Capital Markets Fee Volatility Adds Earnings Noise

Transaction and capital markets revenues were characterized as inherently lumpy, with fourth-quarter transaction and monitoring fees more than tripling to $122 million across 26 deals. Management cautioned that this volatility can create quarter-to-quarter swings in fee-related earnings and complicate near-term forecasting despite solid underlying trends.

Tax and One-Off Costs Pressure Near-Term Earnings

The fourth quarter saw a higher marginal tax rate, driven by accelerated RSU vesting and seasonal employer payroll taxes, with roughly $20 million of similar expense expected in the first quarter of 2026. TPG also flagged ongoing build-out costs for its new Hudson Yards office in New York, which will remain a drag through 2026.

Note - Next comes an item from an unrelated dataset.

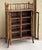 Late 19th Century English Bamboo Bookcase Cabinet With Gallery Top and Two Glazed Doors For Sale - Image 5 of 18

Higher Pro Forma Net Debt After Strategic Investment

Net debt stood at $1.6 billion at quarter-end, backed by $1.75 billion of undrawn revolver capacity, leaving the balance sheet flexible. Pro forma for a planned $500 million investment in Jackson common stock funded with the revolver, net debt would rise to about $2.1 billion, reflecting management’s willingness to use leverage for strategic growth.

Assessing Software Exposure Amid AI-Driven Disruption

Management called out emerging risks in parts of the software sector, particularly horizontal applications and certain infrastructure segments facing AI-driven disruption. While they emphasized limited exposure to the most at-risk vintages, they acknowledged that industry-wide turbulence could still pressure valuations and outcomes for some portfolio holdings.

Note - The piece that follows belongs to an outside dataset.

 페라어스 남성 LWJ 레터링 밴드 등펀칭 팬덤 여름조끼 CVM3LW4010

Committed AUM Not Yet Earning Fees a Hidden Lever

The firm reported about $29 billion of AUM that is committed but not yet fee-earning, within a broader $40 billion pool subject to fee-earning growth. This represents a meaningful source of future revenue and margin expansion, though it creates some near-term drag until those commitments are invested and begin accruing fees.

Forward-Looking Guidance and Strategic Priorities

For 2026, TPG expects capital raising to exceed $50 billion again and projects a full-year fee-related earnings margin of around 47%, up from 45% in 2025. Management highlighted a strong monetization pipeline targeting more than $50 million of realized performance revenue in the first quarter, while prioritizing flagship PE, real estate, credit scale, GP solutions, infrastructure and accelerated private wealth and insurance channels.

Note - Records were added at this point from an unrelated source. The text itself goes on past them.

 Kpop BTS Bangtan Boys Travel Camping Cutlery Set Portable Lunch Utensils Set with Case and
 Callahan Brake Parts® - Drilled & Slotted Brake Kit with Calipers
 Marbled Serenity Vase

TPG’s earnings call painted the picture of a fast-growing alternatives manager balancing record fundraising and deployment with careful risk management. Despite episodic volatility in fees, higher near-term costs and investor questions about direct lending and software exposure, the firm’s expanding AUM base, embedded performance and clear 2026 roadmap suggest its growth story remains intact.